• EXERCISE DIRECTIONS: Without any pictures, retype exactly the lines that begin at the one holding "易烊千玺帅气帽子可爱gif动图_动态图_表情包下载_soogif" and end at the last line of the data below.

• DATA SUPPLIED:
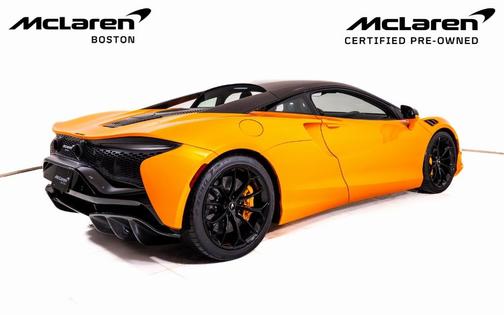 2023 McLaren Artura Performance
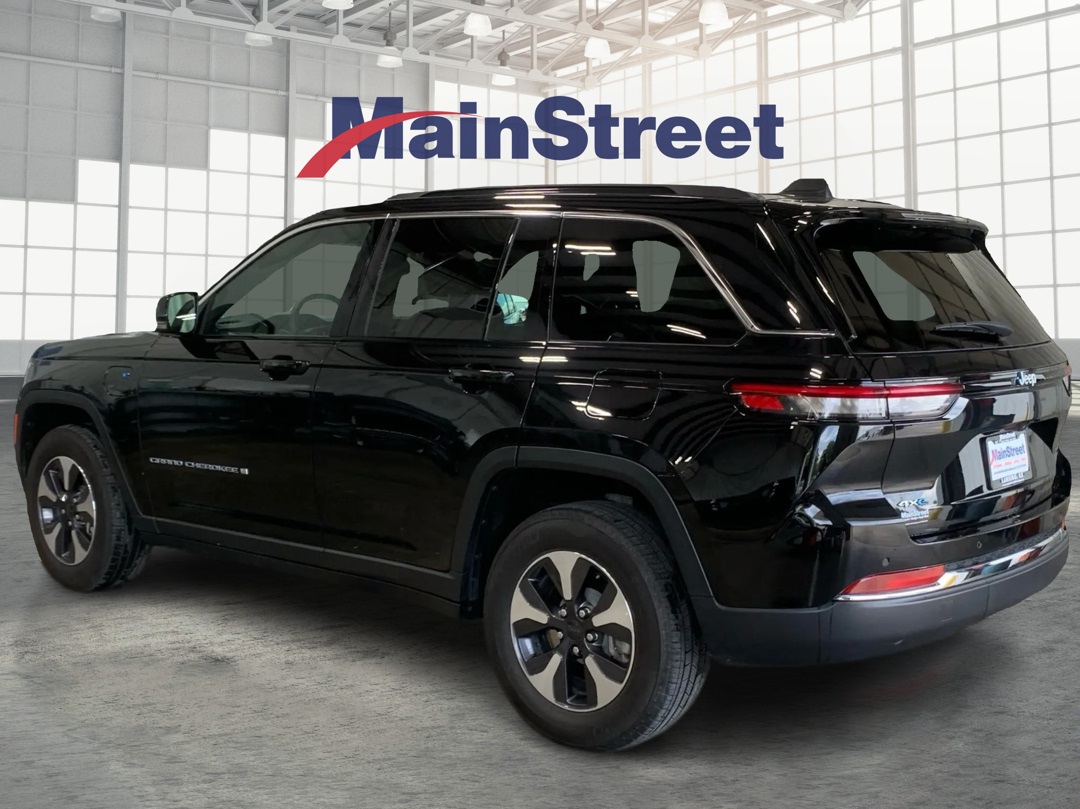 Vehicle image 9 of 36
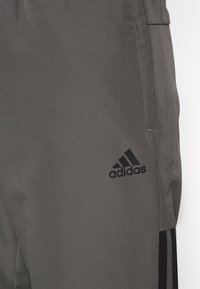 adidas Performance SAMSON PANT - Pantalones deportivos - grey six/black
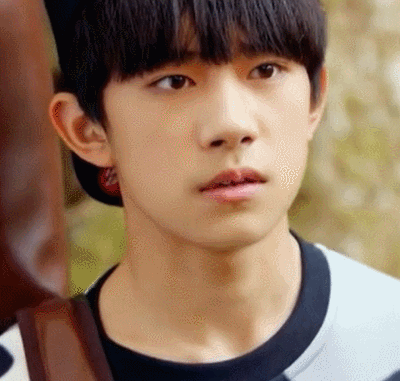 易烊千玺帅气帽子可爱gif动图_动态图_表情包下载_soogif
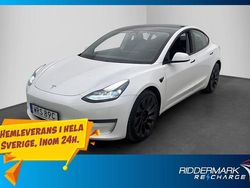Vit Begagnad 2021 Tesla Model 3 Performance Sedan | 319 800 kr (Marknadspris)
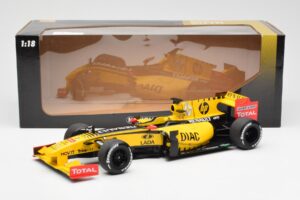 Renault R30 R. Kubica / V. Petrov F1 Showcar 2010 Minichamps 1:18 7711428831 Metall – Bild 6 von 6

• FINAL ANSWER:
 易烊千玺帅气帽子可爱gif动图_动态图_表情包下载_soogif
Vit Begagnad 2021 Tesla Model 3 Performance Sedan | 319 800 kr (Marknadspris)
 Renault R30 R. Kubica / V. Petrov F1 Showcar 2010 Minichamps 1:18 7711428831 Metall – Bild 6 von 6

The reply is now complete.